Assigned task:
Every line containing the word "Toyota" is to be copied from the data below.

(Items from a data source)
━━━━━━━━━━

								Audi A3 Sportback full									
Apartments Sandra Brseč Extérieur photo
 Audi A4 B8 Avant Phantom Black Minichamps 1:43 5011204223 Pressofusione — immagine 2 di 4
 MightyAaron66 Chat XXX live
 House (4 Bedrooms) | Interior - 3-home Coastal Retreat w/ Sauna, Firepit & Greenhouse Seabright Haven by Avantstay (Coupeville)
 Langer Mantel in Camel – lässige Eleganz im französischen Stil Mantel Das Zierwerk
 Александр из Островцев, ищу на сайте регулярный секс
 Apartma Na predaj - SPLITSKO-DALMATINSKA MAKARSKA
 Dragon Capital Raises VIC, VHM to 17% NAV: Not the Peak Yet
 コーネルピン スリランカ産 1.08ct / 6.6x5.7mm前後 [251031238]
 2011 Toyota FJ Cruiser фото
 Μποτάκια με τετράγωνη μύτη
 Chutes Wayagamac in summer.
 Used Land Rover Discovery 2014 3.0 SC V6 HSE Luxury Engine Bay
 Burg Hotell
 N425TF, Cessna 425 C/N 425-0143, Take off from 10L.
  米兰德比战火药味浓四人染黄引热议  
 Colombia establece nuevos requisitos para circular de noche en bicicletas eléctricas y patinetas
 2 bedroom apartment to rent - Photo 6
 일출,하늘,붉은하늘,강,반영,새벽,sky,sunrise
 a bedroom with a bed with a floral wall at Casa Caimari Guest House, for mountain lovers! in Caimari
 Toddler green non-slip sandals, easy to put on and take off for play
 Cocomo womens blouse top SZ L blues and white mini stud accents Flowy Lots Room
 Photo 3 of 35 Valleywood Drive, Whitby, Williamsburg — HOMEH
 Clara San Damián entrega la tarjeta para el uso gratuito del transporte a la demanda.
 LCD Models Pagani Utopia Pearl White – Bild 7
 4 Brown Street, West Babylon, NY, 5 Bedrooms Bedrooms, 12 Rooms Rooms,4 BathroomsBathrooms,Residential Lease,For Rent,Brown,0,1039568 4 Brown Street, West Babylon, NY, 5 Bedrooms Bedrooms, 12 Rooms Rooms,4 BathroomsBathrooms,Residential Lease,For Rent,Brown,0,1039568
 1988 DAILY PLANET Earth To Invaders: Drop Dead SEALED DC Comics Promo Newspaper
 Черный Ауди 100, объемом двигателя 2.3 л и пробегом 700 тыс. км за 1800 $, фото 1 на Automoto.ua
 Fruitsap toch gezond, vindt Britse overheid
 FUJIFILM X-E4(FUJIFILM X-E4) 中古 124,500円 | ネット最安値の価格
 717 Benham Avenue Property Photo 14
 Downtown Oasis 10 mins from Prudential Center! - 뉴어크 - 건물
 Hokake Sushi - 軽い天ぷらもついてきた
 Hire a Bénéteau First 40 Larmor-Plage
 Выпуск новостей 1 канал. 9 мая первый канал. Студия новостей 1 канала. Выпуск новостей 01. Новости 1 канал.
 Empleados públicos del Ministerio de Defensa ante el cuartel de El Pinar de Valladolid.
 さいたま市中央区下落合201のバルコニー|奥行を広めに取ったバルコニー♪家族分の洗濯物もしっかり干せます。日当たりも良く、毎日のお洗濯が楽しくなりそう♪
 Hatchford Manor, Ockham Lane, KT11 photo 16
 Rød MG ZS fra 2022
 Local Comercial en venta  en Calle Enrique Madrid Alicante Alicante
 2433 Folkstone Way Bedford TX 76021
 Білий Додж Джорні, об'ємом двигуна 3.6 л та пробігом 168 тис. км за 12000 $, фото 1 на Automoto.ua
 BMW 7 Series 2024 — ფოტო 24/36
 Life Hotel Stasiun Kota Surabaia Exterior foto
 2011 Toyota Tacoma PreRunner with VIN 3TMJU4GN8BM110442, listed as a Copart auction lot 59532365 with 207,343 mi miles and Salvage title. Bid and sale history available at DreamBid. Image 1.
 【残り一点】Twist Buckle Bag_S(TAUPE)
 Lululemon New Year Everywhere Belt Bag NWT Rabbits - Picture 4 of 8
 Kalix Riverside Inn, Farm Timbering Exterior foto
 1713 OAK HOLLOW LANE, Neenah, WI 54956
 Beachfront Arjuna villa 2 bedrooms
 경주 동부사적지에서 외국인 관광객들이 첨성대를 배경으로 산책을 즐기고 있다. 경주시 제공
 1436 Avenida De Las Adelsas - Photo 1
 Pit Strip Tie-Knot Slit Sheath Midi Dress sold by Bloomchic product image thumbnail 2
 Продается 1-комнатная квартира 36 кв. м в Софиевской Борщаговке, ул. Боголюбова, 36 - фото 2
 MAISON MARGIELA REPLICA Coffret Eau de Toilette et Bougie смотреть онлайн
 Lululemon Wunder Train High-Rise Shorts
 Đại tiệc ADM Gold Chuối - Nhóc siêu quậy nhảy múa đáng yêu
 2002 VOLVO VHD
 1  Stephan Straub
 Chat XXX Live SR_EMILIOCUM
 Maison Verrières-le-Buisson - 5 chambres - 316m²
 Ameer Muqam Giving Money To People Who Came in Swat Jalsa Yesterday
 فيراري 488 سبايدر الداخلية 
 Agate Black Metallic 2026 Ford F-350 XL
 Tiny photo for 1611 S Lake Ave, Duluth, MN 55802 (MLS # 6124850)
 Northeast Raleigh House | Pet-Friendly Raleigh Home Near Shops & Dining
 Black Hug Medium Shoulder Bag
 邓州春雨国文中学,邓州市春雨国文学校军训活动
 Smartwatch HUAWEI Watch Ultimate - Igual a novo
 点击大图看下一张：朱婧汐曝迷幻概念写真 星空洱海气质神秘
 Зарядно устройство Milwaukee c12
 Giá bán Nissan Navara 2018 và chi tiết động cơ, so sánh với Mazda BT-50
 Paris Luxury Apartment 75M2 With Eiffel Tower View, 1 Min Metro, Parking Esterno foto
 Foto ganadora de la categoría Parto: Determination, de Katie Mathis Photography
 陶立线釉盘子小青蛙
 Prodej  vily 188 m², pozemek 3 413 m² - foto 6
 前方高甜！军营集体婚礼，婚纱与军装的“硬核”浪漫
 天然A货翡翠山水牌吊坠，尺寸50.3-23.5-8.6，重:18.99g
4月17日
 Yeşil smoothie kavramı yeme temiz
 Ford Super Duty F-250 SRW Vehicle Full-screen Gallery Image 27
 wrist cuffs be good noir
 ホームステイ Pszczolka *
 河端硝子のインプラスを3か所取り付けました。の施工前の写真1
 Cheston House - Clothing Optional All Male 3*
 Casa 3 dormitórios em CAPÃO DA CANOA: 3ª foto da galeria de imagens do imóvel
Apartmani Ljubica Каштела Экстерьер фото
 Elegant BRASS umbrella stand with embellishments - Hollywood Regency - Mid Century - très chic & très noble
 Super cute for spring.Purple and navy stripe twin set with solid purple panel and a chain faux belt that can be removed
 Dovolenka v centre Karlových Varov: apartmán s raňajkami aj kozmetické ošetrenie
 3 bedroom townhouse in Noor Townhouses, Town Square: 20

━━━━━━━━━━

Task result:
 2011 Toyota FJ Cruiser фото
 2011 Toyota Tacoma PreRunner with VIN 3TMJU4GN8BM110442, listed as a Copart auction lot 59532365 with 207,343 mi miles and Salvage title. Bid and sale history available at DreamBid. Image 1.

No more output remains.